- _EXERCISE AIM_
All entries below must be written out verbatim, and the images must be dropped.

▼▼▼

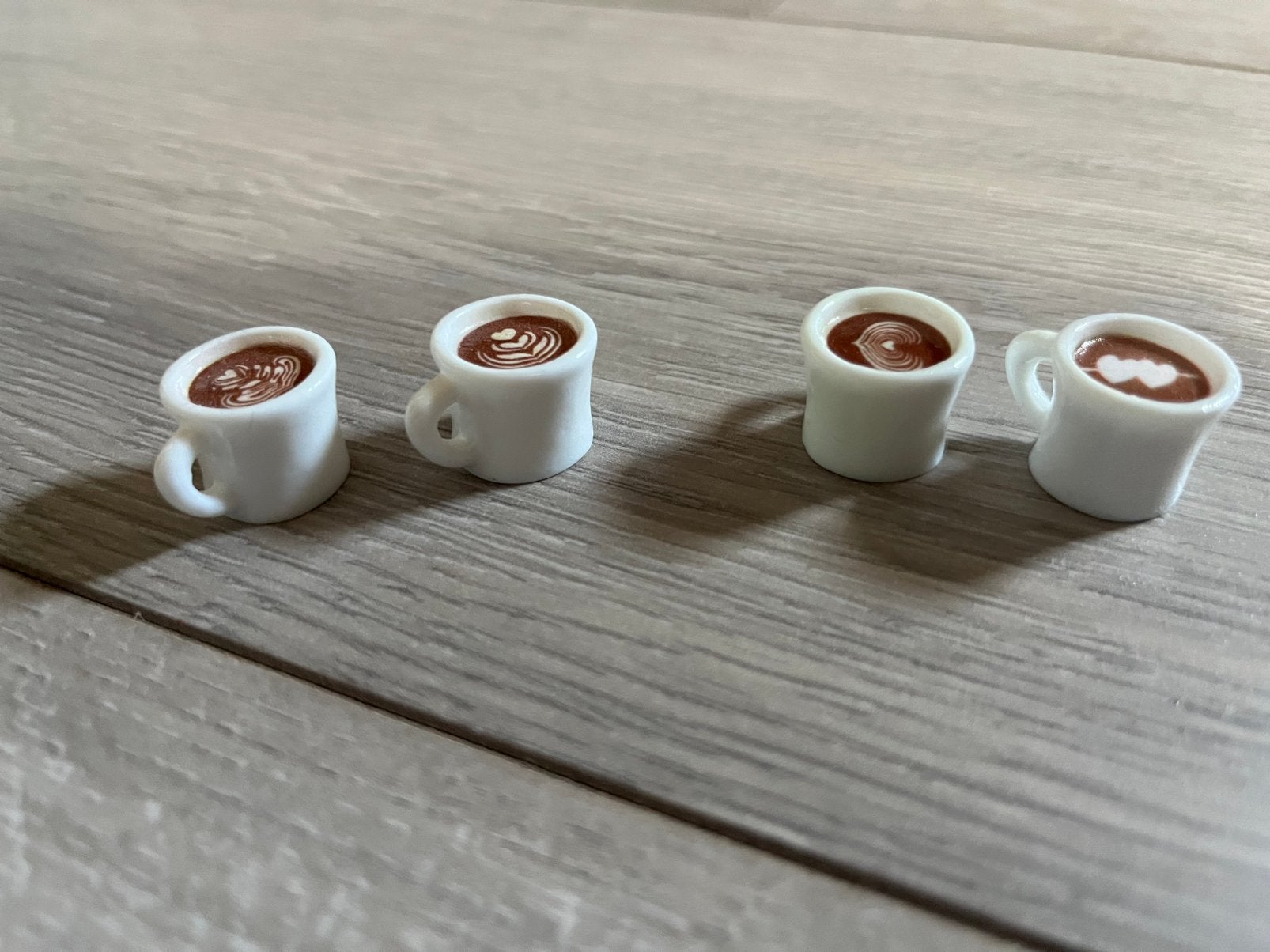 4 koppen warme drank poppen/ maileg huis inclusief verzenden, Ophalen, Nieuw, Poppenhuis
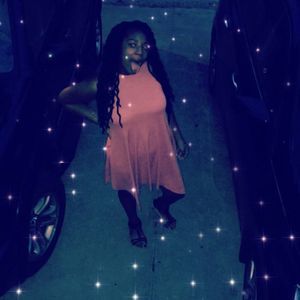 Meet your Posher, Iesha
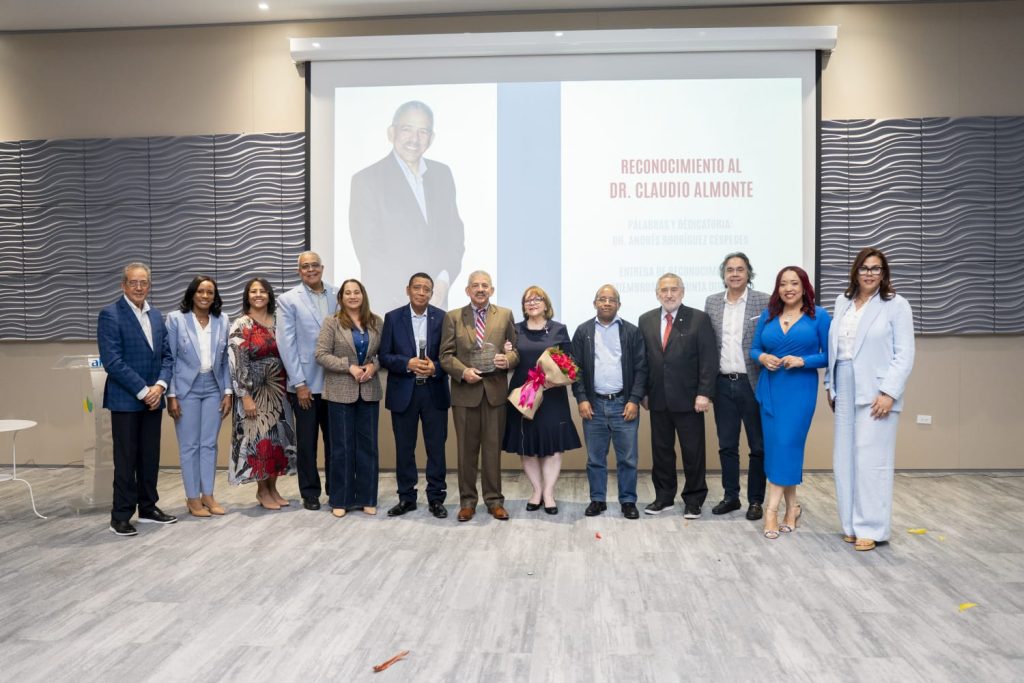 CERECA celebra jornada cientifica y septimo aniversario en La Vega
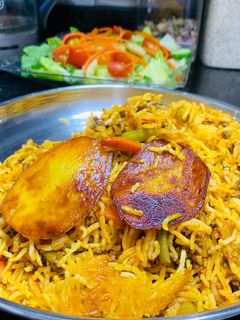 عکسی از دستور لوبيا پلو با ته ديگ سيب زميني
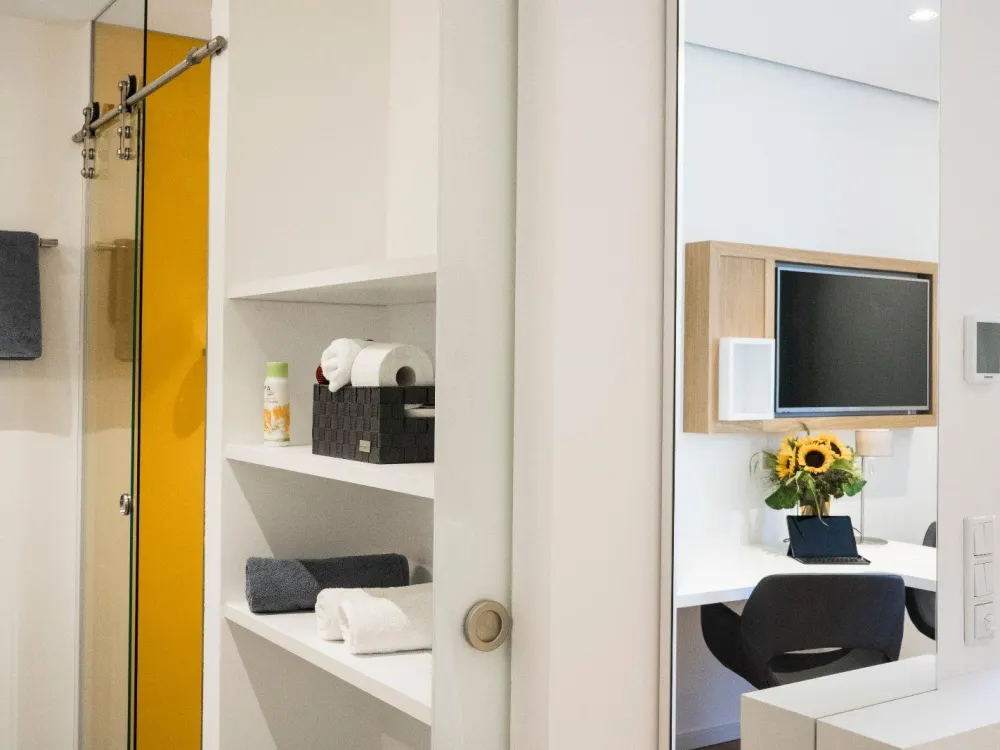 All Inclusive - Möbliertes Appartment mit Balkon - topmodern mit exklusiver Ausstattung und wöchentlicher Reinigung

▲▲▲

- _ANSWER SECTION_
 4 koppen warme drank poppen/ maileg huis inclusief verzenden, Ophalen, Nieuw, Poppenhuis
 Meet your Posher, Iesha
 CERECA celebra jornada cientifica y septimo aniversario en La Vega
 عکسی از دستور لوبيا پلو با ته ديگ سيب زميني
 All Inclusive - Möbliertes Appartment mit Balkon - topmodern mit exklusiver Ausstattung und wöchentlicher Reinigung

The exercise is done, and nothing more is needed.